<<<<

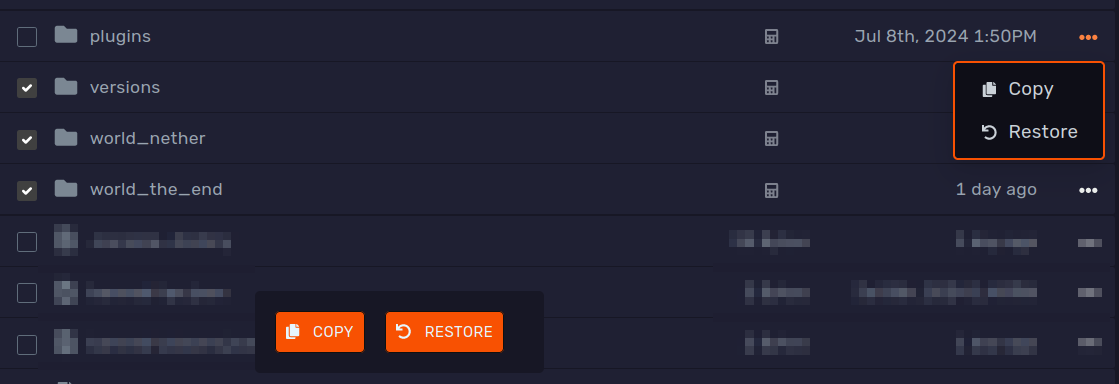 Extract and copy buttons in the File Manager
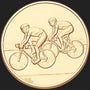 Metal Stickems 2-inch round gold-tone adhesive sticker featuring an embossed design of two cyclists in motion.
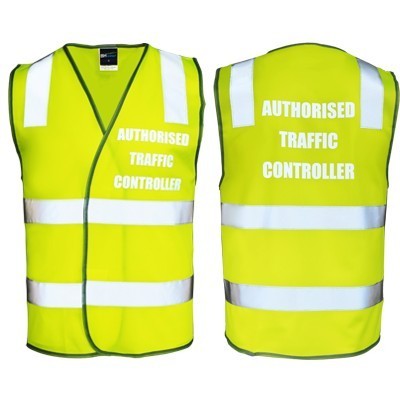 Authorised Traffic Controller Safety Vest - Orange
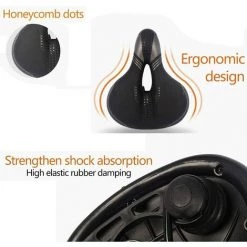 TANABATA Selle De Vélo En Gel Résistant Aux Chocs - Selle De Vélo Creuse Et Respirante - Coussin épais Doux Et Confortable - Pour VTT Et Vélo De Route Avec Housse Imperméable - Noir -France Coussin et housse de coussin Soldes Boutique 58461656 4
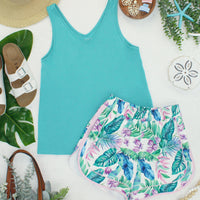 IN STOCK Dolphin Shorts - Tropical Leaf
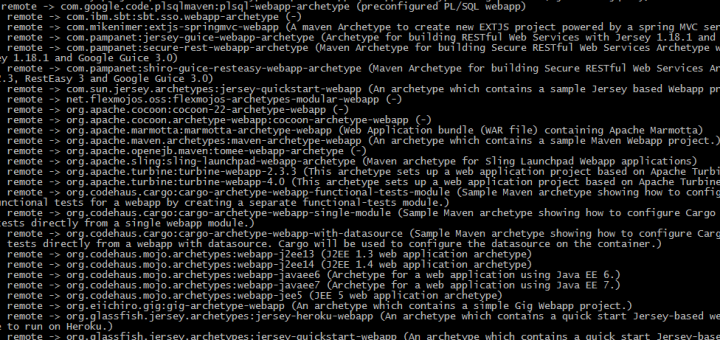 maven arcetype generate preview
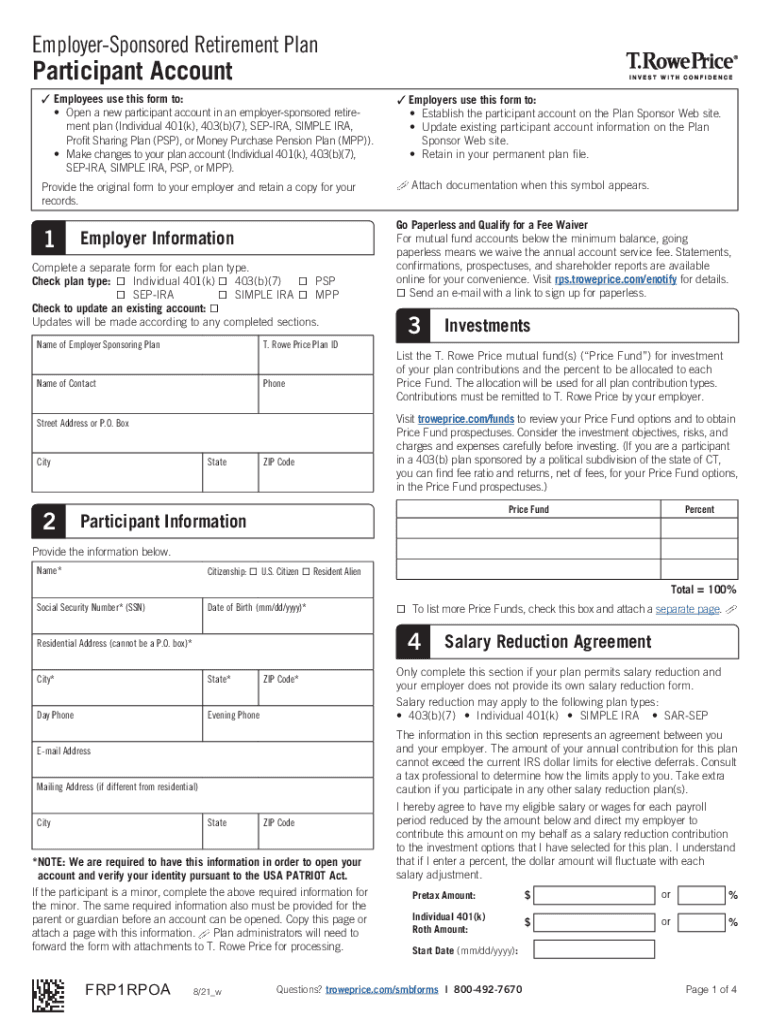 rowe price employer sponsored retirement plan Preview on Page 1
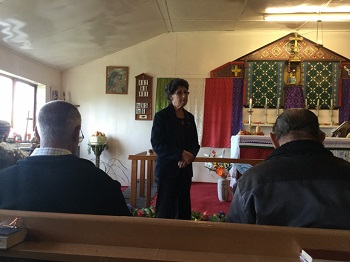 St Mary's Anglican Church. Trina Repetto addresses the congregation.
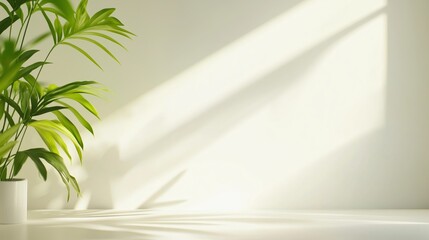 Poster - sunlight streaming through a window highlights a green plant in a minimalist living space during aft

>>>>

Give again, unchanged, only the lines from the line containing "rowe price employer" to the last line of the records above. Pictures do not belong in the copy.

 rowe price employer sponsored retirement plan Preview on Page 1
 St Mary's Anglican Church. Trina Repetto addresses the congregation.
 Poster - sunlight streaming through a window highlights a green plant in a minimalist living space during aft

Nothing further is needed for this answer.